Après avoir broyé et avalé quelques bouts d'os très durs, Mascotte a méthodiquement déchiré les chairs situées à la base de l'une des ailes. Lorsqu'il a eu arraché l'aile, il m'a regardé un bref instant et a décidé de partir en l'emportant. Mascotte s'est éloigné en trottinant d'un pas décidé, me laissant seul dans l'obscurité et me confiant la garde de sa précieuse poule. Je ne sais s'il est allé jusqu'à son terrier ou s'il a enterré l'aile quelque part dans le sol à quelques dizaines ou centaines de mètres de l'arbre au pied duquel j'étais assis. J'ai gardé le caméscope à la main mais j'ai arrêté l'enregistrement en cours. Environ trois minutes plus tard, j'ai entendu un léger bruit près de moi dans la pénombre. J'ai redémarré aussitôt l'enregistrement et j'ai vaguement distingué la silhouette de Mascotte devant moi, en même temps que mon renard apparaissait clairement sur l'écran de contrôle du caméscope. Mascotte s'est alors attaqué à la deuxième aile de la poule, à peu près de la même façon. À certains moments, il s'est servi de l'une de ses pattes avant - ou même des deux - pour bloquer la carcasse sur le sol et faciliter ainsi la tâche de ses mâchoires.
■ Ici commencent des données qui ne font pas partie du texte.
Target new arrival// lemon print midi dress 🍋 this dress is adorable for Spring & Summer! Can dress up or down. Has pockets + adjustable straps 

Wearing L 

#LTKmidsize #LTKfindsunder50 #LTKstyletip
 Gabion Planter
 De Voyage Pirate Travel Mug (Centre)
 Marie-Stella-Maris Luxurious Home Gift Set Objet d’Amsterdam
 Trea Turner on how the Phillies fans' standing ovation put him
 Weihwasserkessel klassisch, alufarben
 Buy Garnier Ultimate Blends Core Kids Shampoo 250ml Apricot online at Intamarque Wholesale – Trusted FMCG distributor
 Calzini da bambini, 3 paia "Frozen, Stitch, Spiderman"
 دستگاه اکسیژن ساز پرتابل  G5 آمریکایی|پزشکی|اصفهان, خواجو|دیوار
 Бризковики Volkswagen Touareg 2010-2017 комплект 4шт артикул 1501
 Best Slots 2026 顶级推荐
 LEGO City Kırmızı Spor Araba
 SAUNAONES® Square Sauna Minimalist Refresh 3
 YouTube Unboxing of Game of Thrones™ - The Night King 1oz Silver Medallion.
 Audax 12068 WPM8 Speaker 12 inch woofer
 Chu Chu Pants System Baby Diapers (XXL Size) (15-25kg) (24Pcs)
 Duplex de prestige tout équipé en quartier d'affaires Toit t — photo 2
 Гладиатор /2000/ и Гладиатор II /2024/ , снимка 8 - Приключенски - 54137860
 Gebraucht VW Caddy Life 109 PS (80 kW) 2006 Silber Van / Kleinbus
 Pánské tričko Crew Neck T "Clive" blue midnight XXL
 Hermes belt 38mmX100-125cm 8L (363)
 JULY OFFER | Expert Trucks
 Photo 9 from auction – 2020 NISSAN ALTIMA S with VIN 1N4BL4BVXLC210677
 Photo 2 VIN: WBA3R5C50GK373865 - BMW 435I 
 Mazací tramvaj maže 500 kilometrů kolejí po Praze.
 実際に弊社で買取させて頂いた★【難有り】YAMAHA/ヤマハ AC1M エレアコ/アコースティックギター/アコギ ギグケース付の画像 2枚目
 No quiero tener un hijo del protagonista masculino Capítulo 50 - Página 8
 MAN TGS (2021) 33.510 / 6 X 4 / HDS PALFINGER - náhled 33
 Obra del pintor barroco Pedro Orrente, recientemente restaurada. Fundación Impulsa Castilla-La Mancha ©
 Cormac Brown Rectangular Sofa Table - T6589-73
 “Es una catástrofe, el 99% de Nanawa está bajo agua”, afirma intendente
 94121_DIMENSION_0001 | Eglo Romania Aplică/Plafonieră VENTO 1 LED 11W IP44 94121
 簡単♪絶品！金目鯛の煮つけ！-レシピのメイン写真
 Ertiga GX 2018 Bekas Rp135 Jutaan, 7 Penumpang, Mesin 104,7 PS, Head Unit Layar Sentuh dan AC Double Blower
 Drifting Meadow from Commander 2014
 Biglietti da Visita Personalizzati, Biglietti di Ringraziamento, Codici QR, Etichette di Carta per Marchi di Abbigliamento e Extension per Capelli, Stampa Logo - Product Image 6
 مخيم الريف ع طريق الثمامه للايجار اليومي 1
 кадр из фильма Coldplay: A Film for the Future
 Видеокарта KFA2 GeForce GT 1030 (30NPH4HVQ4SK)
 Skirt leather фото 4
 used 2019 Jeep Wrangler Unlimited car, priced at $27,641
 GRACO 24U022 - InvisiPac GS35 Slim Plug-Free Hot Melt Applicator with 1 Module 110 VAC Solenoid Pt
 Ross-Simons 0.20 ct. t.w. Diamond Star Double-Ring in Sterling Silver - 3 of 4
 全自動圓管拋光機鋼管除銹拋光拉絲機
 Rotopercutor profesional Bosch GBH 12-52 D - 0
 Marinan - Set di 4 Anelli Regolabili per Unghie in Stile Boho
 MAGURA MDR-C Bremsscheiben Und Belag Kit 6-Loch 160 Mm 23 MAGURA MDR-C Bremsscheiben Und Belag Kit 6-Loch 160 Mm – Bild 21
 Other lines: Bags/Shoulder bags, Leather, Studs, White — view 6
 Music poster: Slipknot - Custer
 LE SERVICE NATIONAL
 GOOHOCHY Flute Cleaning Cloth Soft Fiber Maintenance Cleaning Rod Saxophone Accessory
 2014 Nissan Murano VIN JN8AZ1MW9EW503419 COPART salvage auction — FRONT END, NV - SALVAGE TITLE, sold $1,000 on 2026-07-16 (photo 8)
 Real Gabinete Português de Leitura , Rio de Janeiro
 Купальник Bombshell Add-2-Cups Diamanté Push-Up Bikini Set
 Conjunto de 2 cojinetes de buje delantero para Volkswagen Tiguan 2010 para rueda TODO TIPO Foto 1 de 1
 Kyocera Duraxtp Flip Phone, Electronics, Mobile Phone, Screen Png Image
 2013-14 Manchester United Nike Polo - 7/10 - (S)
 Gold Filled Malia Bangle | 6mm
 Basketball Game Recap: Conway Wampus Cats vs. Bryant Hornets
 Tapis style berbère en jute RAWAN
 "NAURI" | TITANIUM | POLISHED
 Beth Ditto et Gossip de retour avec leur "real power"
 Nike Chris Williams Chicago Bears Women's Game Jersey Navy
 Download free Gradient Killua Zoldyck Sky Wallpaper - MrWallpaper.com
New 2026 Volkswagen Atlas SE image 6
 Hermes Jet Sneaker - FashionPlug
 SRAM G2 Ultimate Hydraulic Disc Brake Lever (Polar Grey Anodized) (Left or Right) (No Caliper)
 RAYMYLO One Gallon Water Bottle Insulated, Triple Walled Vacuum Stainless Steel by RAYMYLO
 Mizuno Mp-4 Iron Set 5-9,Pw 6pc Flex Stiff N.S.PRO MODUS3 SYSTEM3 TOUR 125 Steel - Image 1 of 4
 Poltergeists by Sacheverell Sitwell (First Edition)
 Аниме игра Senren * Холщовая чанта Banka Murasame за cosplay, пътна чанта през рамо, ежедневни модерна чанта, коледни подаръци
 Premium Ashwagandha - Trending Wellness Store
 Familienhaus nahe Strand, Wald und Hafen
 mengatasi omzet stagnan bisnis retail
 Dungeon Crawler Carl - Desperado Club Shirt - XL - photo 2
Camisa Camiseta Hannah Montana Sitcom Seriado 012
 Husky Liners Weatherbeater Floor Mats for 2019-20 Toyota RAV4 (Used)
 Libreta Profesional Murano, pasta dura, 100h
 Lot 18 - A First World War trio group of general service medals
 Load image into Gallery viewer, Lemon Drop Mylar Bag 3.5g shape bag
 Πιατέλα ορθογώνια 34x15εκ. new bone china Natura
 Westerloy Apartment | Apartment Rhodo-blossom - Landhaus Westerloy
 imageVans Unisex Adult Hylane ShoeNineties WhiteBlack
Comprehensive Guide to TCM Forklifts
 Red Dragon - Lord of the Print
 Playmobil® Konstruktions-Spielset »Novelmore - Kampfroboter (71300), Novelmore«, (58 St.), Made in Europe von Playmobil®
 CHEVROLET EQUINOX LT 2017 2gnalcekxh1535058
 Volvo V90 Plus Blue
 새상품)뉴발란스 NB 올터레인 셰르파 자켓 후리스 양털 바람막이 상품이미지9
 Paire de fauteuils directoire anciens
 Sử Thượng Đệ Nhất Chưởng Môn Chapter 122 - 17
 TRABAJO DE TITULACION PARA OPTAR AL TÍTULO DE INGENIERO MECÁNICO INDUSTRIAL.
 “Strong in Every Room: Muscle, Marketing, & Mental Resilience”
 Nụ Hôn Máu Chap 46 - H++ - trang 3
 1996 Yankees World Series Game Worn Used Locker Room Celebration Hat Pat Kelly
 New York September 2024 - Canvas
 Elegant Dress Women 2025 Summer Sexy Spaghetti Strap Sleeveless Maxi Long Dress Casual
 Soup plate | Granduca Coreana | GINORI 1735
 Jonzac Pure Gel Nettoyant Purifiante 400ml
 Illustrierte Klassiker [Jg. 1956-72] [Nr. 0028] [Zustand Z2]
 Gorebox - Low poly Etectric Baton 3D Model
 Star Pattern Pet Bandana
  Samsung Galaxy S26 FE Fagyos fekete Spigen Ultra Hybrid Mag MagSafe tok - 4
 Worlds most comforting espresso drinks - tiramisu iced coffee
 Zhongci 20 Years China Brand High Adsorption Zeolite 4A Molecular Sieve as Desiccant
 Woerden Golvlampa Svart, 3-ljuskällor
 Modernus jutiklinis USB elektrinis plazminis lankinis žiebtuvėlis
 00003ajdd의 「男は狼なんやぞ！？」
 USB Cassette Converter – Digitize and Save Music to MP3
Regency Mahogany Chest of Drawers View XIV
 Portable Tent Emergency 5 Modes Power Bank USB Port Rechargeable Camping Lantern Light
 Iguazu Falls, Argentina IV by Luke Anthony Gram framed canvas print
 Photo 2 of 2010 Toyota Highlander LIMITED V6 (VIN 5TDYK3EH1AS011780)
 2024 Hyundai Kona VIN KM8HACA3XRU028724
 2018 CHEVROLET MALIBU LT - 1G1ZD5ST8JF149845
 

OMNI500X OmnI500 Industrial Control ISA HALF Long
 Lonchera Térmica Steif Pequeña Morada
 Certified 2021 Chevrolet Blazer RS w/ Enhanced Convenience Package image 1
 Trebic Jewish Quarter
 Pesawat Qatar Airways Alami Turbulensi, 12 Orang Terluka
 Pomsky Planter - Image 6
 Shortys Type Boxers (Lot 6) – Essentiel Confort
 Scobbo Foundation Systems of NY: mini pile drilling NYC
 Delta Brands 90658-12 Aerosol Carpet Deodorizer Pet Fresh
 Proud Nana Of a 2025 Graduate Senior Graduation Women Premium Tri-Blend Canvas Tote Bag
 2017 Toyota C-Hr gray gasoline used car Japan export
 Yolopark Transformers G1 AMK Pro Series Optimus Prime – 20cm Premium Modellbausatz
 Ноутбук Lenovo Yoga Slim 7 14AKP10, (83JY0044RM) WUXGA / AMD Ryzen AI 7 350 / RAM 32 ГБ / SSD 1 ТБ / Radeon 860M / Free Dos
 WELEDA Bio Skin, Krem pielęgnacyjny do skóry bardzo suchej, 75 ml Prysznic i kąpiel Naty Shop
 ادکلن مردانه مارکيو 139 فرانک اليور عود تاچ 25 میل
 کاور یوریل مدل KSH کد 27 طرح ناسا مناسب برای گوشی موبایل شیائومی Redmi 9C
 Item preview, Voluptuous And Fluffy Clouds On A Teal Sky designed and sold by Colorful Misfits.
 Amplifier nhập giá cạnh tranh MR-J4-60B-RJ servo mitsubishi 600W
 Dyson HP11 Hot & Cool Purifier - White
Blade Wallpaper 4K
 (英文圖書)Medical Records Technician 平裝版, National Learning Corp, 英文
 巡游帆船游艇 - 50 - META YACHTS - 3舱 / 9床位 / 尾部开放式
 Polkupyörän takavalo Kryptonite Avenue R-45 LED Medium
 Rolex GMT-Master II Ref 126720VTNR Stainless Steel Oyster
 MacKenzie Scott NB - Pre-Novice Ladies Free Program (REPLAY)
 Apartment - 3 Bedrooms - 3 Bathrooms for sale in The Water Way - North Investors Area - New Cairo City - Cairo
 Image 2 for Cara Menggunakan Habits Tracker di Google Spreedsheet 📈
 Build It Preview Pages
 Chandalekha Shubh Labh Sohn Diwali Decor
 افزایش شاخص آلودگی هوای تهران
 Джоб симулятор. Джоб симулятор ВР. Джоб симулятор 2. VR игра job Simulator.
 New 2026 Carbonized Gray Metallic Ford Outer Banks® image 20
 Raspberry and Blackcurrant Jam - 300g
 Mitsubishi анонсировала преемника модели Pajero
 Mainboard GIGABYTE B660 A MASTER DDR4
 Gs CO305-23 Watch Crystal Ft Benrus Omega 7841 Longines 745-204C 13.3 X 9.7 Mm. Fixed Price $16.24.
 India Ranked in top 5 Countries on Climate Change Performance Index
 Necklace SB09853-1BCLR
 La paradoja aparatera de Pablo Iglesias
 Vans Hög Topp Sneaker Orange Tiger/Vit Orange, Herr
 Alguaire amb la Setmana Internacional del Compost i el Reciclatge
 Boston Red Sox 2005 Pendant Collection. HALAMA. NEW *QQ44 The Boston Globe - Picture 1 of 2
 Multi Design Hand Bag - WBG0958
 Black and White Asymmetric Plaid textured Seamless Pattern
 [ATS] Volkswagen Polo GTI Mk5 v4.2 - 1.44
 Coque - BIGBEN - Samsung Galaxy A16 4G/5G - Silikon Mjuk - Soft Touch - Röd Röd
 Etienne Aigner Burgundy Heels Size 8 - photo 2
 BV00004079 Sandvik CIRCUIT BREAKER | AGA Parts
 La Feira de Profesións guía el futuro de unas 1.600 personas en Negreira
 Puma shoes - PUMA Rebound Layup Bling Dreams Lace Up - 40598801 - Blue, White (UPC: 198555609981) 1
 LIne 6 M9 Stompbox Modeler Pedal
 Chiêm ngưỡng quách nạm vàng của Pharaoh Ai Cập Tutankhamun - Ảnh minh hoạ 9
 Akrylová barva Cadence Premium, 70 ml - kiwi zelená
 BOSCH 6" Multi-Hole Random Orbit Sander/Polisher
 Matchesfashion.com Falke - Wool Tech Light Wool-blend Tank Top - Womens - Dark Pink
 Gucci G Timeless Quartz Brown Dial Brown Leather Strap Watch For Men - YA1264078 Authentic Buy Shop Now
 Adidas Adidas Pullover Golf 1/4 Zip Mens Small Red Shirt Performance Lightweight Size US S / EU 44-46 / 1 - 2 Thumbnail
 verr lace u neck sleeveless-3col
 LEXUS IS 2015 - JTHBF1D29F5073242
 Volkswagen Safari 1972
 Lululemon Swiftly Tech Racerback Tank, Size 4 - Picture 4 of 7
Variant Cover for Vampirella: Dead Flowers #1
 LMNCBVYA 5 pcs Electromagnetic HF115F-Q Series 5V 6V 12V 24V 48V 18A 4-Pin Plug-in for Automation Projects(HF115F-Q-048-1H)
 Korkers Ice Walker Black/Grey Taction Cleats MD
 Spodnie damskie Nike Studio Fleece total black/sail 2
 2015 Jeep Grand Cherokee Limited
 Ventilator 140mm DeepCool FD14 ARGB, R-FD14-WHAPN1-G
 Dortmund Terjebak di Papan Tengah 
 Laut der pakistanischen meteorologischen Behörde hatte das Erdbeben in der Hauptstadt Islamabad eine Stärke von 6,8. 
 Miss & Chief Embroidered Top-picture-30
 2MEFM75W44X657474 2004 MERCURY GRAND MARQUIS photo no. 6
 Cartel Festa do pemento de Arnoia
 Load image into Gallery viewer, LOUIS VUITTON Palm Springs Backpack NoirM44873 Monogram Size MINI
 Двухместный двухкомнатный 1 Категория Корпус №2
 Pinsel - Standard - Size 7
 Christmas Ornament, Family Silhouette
La forêt était maintenant totalement silencieuse, hormis les terribles craquements des os de la poule dans la gueule de Mascotte. À de rares moments, sur l'écran du caméscope, j'ai vu Mascotte me jeter un regard furtif ou relever instinctivement la tête pour s'assurer qu'aucun prédateur ne rôdait autour de nous. Il a arraché la seconde aile de la poule, m'a regardé brièvement et a pour la deuxième fois disparu dans la nuit. Il me revenait à nouveau de monter la garde et de protéger la carcasse de sa poule. Environ trois minutes plus tard, Mascotte est réapparu. Après quelques instants passés auprès de moi, il a pris définitivement possession de la précieuse carcasse afin de l'emmener vers son terrier. Cette fois, le moment était arrivé de nous séparer. J'étais heureux d'avoir parfaitement accompli ma cruciale mission de "garde-poule"...

Mascotte s'est emparé de la carcasse à pleines dents et s'est éloigné en trottinant. Je lui ai dit « Au revoir Mascotte » sur un ton presque interrogatif. Je ne le voyais plus. Sur l'écran du caméscope, il a disparu également mais, après quelques secondes, j'ai ressenti une grande émotion en voyant sur l'écran "s'allumer" ses deux yeux dans la nuit : Mascotte venait de s'immobiliser à quelques mètres de moi et de tourner la tête vers l'arrière, me lançant un dernier regard. J'ai doucement répété « Au revoir Mascotte », mais cette fois sans intonation interrogative. Les deux yeux se sont "éteints" et Mascotte a définitivement disparu dans les ténèbres.

J'ai arrêté le caméscope, je me suis levé et j'ai repris mon sac à dos. Entre les arbres, je me suis prudemment et lentement frayé un chemin vers la route, la tête et le coeur pleins d'émotions inoubliables.